Photo by Ellen B. Marshall, 2021. All rights Reserved.

The price of silver goes up and down but that does not affect the value it has added to my lifeline. In the January that I was born, silver cost $.85 an ounce. Today as the birthdays of my siblings Emily and Tom finish out the same month now in 2021, the price of silver is $27.18. I guess that demonstrates the time value of money, the wisdom of investing in silver, and what my parents were up to in the deep winter months in our village in southwest Ohio.

Wherever you see this shiny white, semi-precious element, please know that second-best has always been good enough for me.

I used to have a silver-plated baby cup, but it wasn’t mine. Tarnished, it sat in my hope chest, something I found at a thrift shop, or that was handed down in our family but never engraved.

Silver was the color of a bright new dime, found in the toe of my Christmas stocking, along with some Hershey’s Kisses and a small hematite stone.

Our family only polished the good silver at Thanksgiving. So I labored with the ammonia-based creamy liquid to prepare the forks and knives we kept in a wooden chest. Also the large platter, engraved with fruits and vines. To hold the 20 pound turkey that was slow-cooked all night.

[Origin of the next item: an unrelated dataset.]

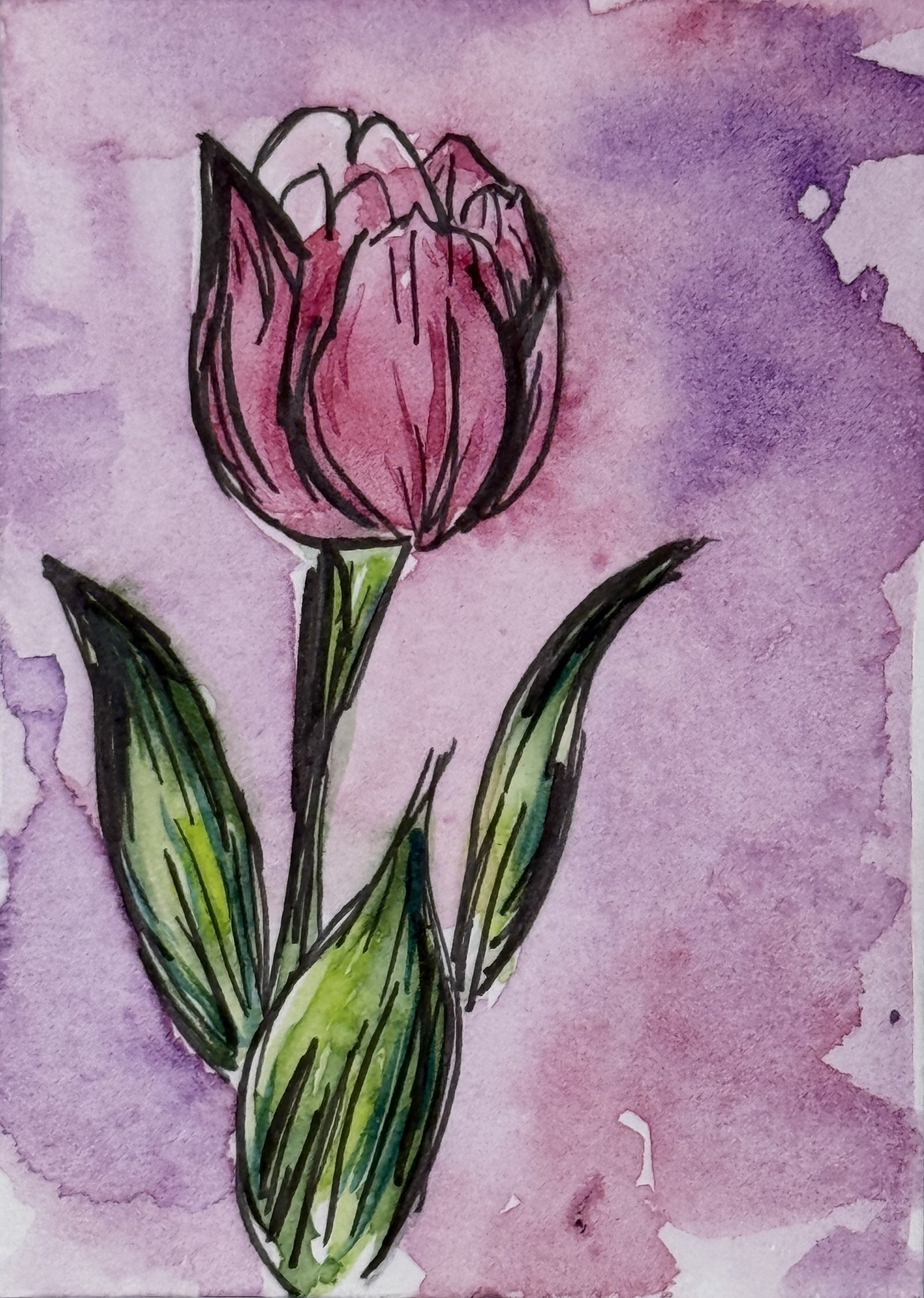 ACEO #19 Print Flower Collection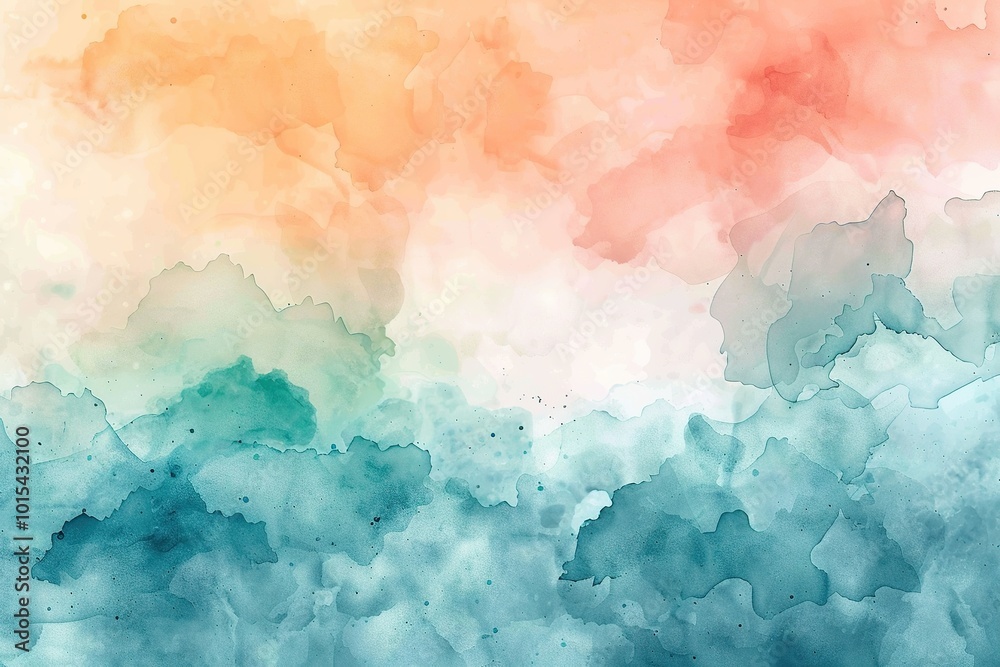 Poster Abstract Watercolor Background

Always before the cave explorers came to join our table.

I scavenged the tinsel on our Christmas tree over the years from the town’s pile of discarded trees. Boy scouts collected and burned them after the holidays, a gathering with cocoa, right across the street from our house. Tinsel was precious to me. Although Mom only allowed a little bit, at the bottom of our tree where it did not show, because we were not that kind of people. We had a few silver balls that once had glitter words on them, JOY, PEACE, LOVE. But those broke when the cat played underneath the tree. Or when it fell over — until we learned to suspend the seven foot white pine by its leader with picture hanging wire.

“One is silver and the other gold,” I remember the Girl Scout song, Mom led her Brownie troop singing it. I sat in the back of the basement room in the stone-built Presbyterian church. I thought they were dumb. Group activities never appealed to me. I’m the quiet type and I rarely sing.